§ **WORK INSTRUCTION**:
Verbatim output of the lines below is required, with the images omitted.

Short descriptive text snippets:
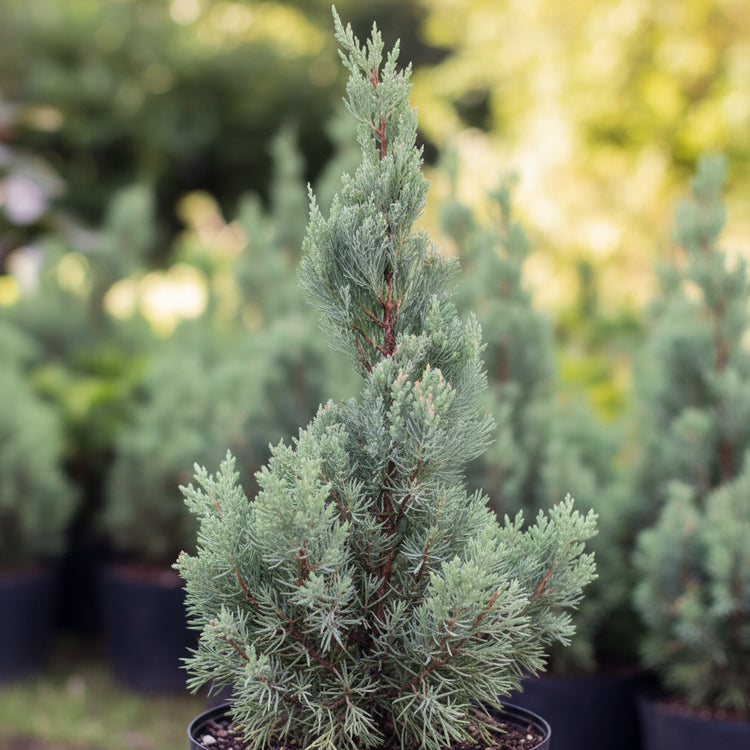 Explore Collection of Topiary Trees for Love ones | Eureka Farms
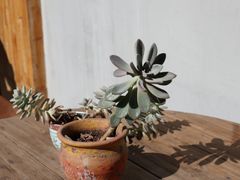 -馬蘭花開(车站大道店)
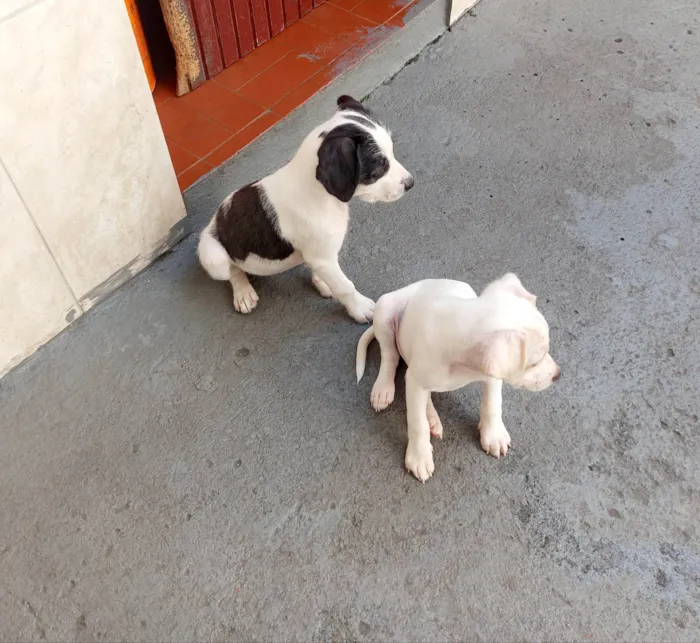 Cachorro raça Mestiça coocker idade 2 a 6 meses nome Duda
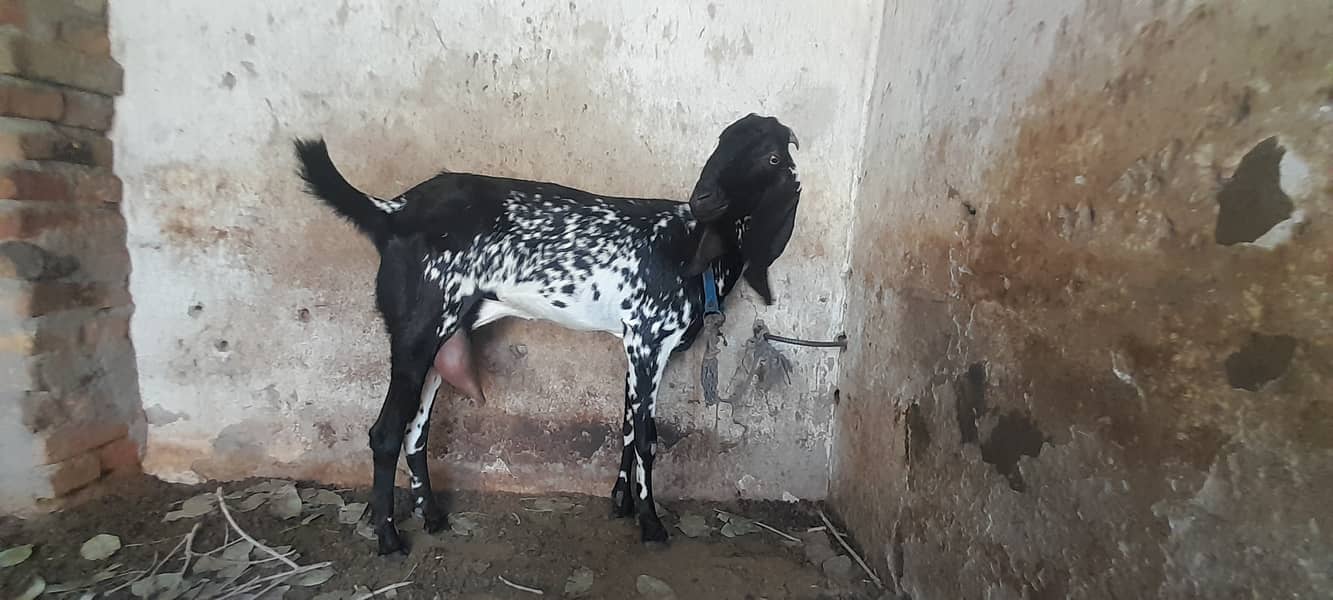 Betal Goat produce 1kg milk everyday 2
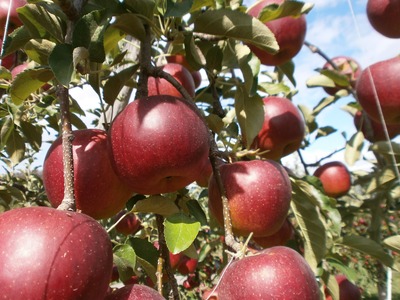 【2026年先行予約】りんご 秋映2kg |りんご 秋映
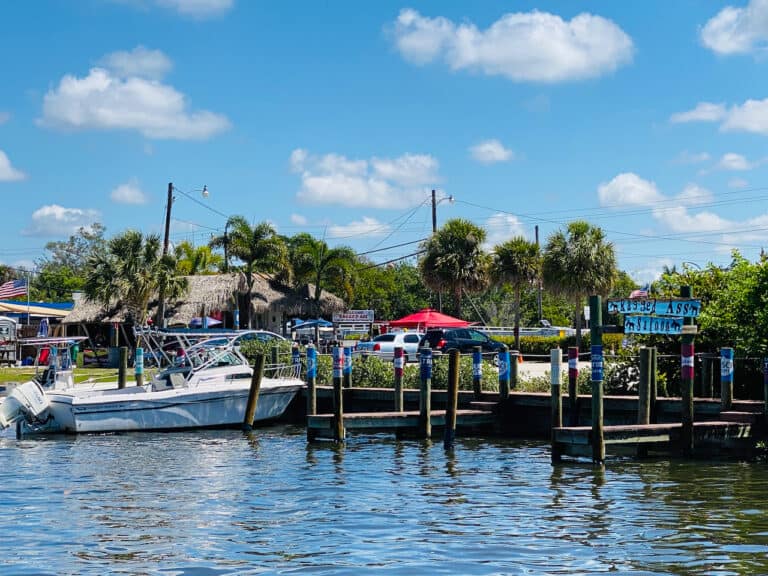The 17 Best Things to Do on Pine Island Florida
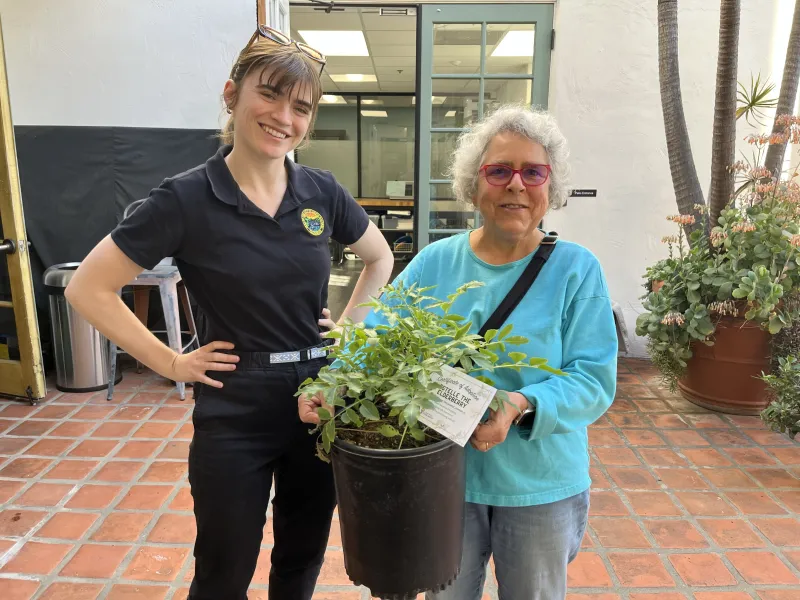 A community member picks up a tree from City staff through the Santa Barbara Clean Energy Community Tree Program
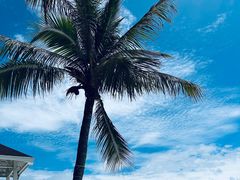 -三亚西岛海洋文化旅游区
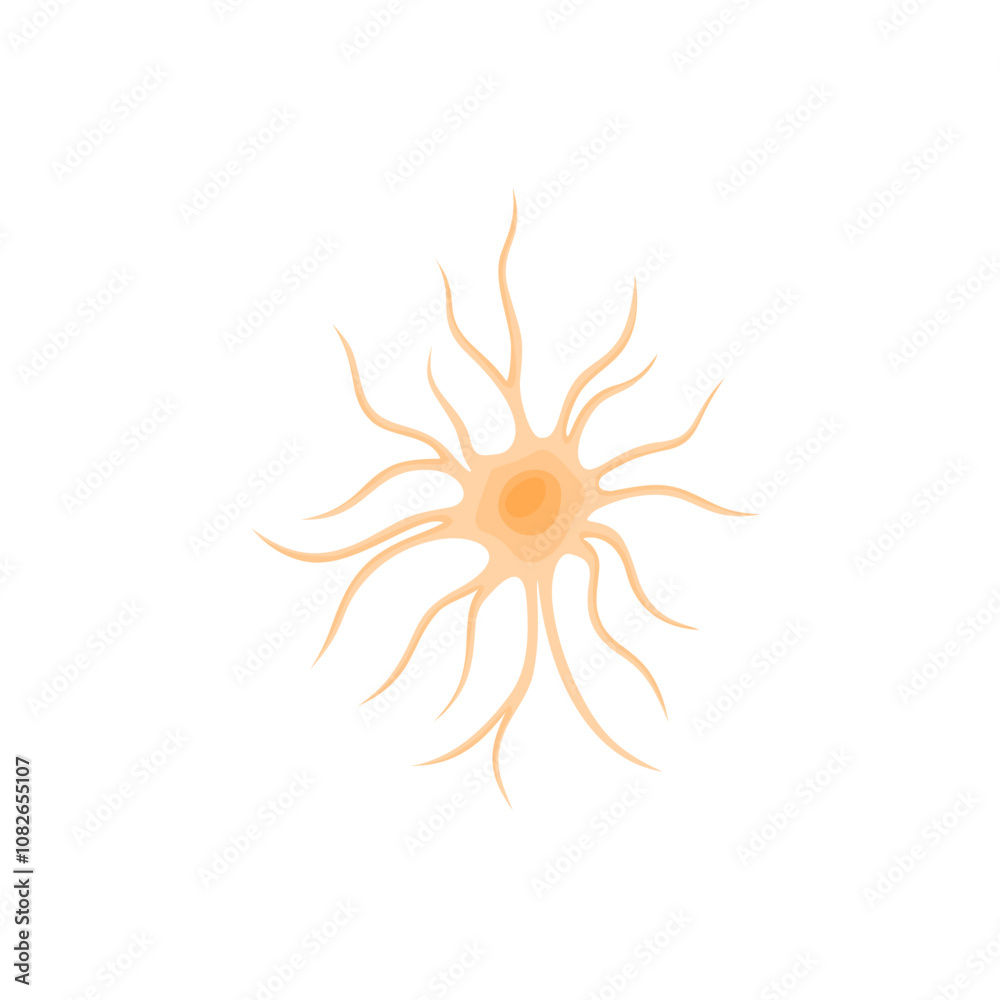 Vector illustration of Astrocyte Vector illustration of Astrocyte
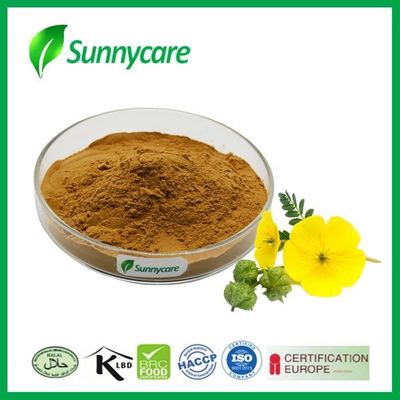 HPLC Tribulus Terrestris Extract Powder 55056-80-9 Total Saponins 80% Tribulus P.E.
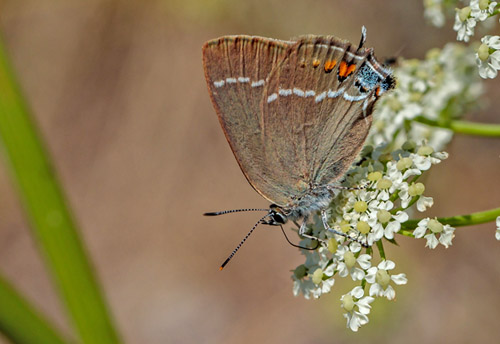 Bltorn, Satyrium spini. Rimplads, Parc de Mercantour, Alpes Maritimes d. 5 juli 2019. Fotograf;  John S. Petersen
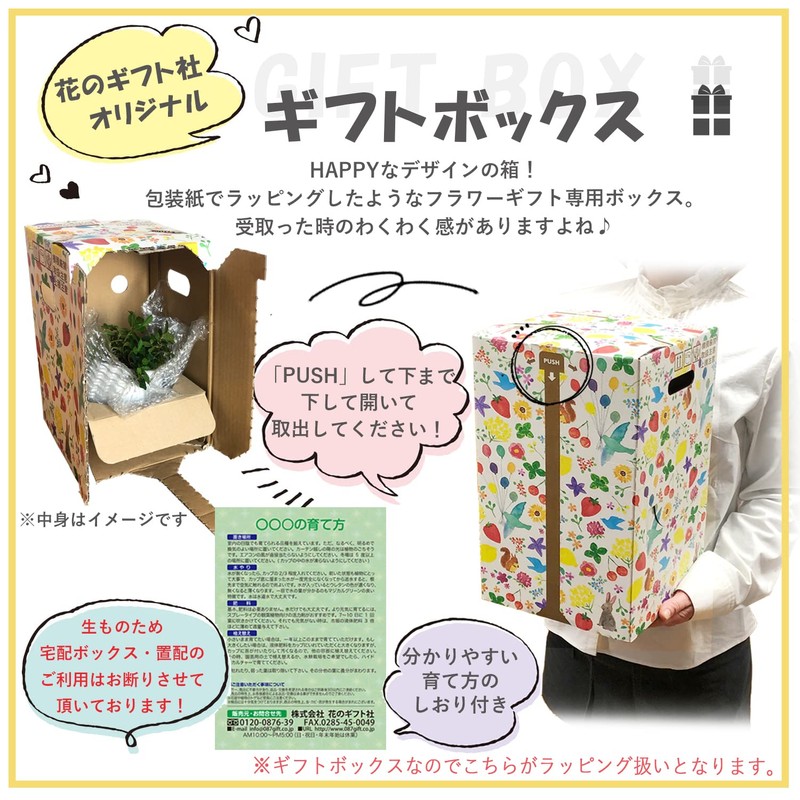 Ficus Microcarpa Ceramic Potted Plant (White)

§ **ANSWER SPACE**:
 Explore Collection of Topiary Trees for Love ones | Eureka Farms
 -馬蘭花開(车站大道店)
 Cachorro raça Mestiça coocker idade 2 a 6 meses nome Duda
 Betal Goat produce 1kg milk everyday 2
 【2026年先行予約】りんご 秋映2kg |りんご 秋映
The 17 Best Things to Do on Pine Island Florida
 A community member picks up a tree from City staff through the Santa Barbara Clean Energy Community Tree Program
 -三亚西岛海洋文化旅游区
 Vector illustration of Astrocyte Vector illustration of Astrocyte
 HPLC Tribulus Terrestris Extract Powder 55056-80-9 Total Saponins 80% Tribulus P.E.
 Bltorn, Satyrium spini. Rimplads, Parc de Mercantour, Alpes Maritimes d. 5 juli 2019. Fotograf;  John S. Petersen
 Ficus Microcarpa Ceramic Potted Plant (White)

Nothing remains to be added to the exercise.